Es verdad que hay una segunda naturaleza que pugna por salir, pero está profundamente reprimida por la cultura y los hábitos. Cuando he bebido mucho o estoy muy cansado, o cuando estoy afligido, siento que esa parte oculta de mi personalidad está a punto de aflorar. Es como si se levantara un telón y pudiera entrar en contacto con algo que está más allá. Pero todo se desvanece rápidamente como si fuera un espejismo.
Esa segunda naturaleza es inefable, no puede ser dicha, pero está ahí. Freud diría que estoy hablando del inconsciente y algún teólogo cristiano me respondería que eso es el alma. Pero me estoy refiriendo a otra cosa.

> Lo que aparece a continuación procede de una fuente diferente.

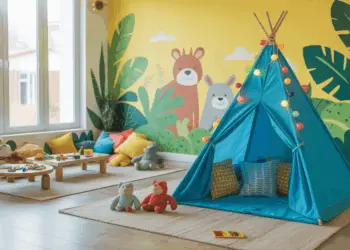 Designing the Perfect Playroom: Everything you need to know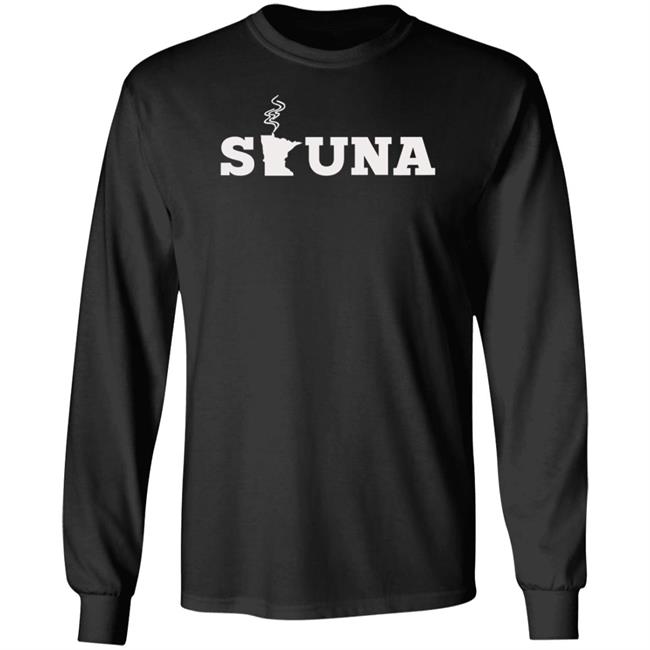 Lindsaympls Minnesota Sauna Shirt Hoodie Sweatshirt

Para explicar lo que quiero expresar recurro a la idea de Wittgenstein de que la mente es una cosa más en el mundo. Como si el mundo se pudiera conocer a sí mismo a través del cerebro humano. Es a esta conexión íntima a lo que me refiero.
Soy consciente de que estoy entrando en los terrenos de la mística, pero no quiero hacerlo porque tengo una formación cartesiana y creo en la autonomía de la razón. Pero también he llegado al convencimiento de que existen fuerzas misteriosas que nos impulsan al igual que nuestro planeta es atraído por la gravedad del sol.
La ciencia ha avanzado mucho en los dos últimos siglos y hemos tomado conciencia de las dimensiones del Universo, pero las motivaciones que nos mueven y el funcionamiento de nuestro cerebro siguen siendo un enigma.
En el fondo, no sabemos casi nada de nosotros mismos ni podemos controlar nuestras emociones. Pero eso es lo que hace que la vida merezca la pena de ser exprimida. Resulta mucho más peligrosa la insensibilidad que las penalidades que nos pueda deparar el destino. Aceptemos modestamente nuestra precariedad y entonces podremos empezar a entender.